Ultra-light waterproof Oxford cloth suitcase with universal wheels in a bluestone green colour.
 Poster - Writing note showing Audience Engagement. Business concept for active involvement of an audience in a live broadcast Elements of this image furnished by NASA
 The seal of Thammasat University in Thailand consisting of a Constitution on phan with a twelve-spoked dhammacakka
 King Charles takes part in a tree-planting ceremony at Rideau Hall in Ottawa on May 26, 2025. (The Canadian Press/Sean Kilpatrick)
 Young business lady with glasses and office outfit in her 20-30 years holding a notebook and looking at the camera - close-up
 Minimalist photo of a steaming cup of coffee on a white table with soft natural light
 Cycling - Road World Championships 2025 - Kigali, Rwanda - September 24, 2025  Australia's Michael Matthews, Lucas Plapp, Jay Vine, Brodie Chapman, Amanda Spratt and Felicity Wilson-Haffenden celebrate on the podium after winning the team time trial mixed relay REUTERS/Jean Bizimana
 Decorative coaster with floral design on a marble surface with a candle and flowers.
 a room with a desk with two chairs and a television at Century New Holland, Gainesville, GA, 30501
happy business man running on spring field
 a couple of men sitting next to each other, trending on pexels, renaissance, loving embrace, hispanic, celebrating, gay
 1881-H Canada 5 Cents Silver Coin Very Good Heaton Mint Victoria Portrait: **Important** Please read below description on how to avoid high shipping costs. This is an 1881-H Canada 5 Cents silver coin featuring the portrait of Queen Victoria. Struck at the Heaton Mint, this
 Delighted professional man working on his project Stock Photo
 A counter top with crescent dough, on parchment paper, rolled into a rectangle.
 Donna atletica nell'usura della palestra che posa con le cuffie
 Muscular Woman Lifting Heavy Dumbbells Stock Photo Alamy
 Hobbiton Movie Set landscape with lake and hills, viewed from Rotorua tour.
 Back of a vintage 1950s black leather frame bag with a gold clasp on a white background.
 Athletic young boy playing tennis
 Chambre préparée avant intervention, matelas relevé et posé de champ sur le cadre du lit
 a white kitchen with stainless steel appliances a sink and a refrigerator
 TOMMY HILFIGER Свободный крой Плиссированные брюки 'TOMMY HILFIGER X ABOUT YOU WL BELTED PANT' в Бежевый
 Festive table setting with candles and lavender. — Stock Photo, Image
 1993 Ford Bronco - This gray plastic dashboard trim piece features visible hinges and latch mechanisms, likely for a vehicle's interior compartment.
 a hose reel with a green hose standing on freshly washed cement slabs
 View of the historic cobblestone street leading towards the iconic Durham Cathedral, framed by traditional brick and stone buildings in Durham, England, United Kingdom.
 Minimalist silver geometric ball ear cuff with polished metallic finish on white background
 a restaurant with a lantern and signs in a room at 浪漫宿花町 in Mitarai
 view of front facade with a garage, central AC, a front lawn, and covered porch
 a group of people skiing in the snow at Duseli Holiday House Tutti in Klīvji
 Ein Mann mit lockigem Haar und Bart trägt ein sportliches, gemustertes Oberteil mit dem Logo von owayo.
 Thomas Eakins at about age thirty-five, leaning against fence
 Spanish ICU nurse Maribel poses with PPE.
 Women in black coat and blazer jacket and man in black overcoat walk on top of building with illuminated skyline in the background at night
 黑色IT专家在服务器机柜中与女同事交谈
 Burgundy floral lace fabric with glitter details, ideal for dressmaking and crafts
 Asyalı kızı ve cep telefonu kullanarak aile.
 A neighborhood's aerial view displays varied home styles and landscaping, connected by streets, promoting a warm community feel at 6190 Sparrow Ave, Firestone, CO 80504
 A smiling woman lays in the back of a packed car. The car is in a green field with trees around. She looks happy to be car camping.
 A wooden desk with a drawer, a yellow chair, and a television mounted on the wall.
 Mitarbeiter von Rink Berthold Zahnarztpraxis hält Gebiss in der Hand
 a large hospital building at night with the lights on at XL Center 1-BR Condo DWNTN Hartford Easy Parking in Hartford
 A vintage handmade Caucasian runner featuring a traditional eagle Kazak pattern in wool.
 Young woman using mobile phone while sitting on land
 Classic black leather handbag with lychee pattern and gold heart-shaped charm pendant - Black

= = = = =

### Task item:
Begin with the first line of the data above and, please, print each line exactly until you have printed the line containing "Decorative coaster with"; print nothing else.

### Answer box:
Ultra-light waterproof Oxford cloth suitcase with universal wheels in a bluestone green colour.
 Poster - Writing note showing Audience Engagement. Business concept for active involvement of an audience in a live broadcast Elements of this image furnished by NASA
 The seal of Thammasat University in Thailand consisting of a Constitution on phan with a twelve-spoked dhammacakka
 King Charles takes part in a tree-planting ceremony at Rideau Hall in Ottawa on May 26, 2025. (The Canadian Press/Sean Kilpatrick)
 Young business lady with glasses and office outfit in her 20-30 years holding a notebook and looking at the camera - close-up
 Minimalist photo of a steaming cup of coffee on a white table with soft natural light
 Cycling - Road World Championships 2025 - Kigali, Rwanda - September 24, 2025  Australia's Michael Matthews, Lucas Plapp, Jay Vine, Brodie Chapman, Amanda Spratt and Felicity Wilson-Haffenden celebrate on the podium after winning the team time trial mixed relay REUTERS/Jean Bizimana
 Decorative coaster with floral design on a marble surface with a candle and flowers.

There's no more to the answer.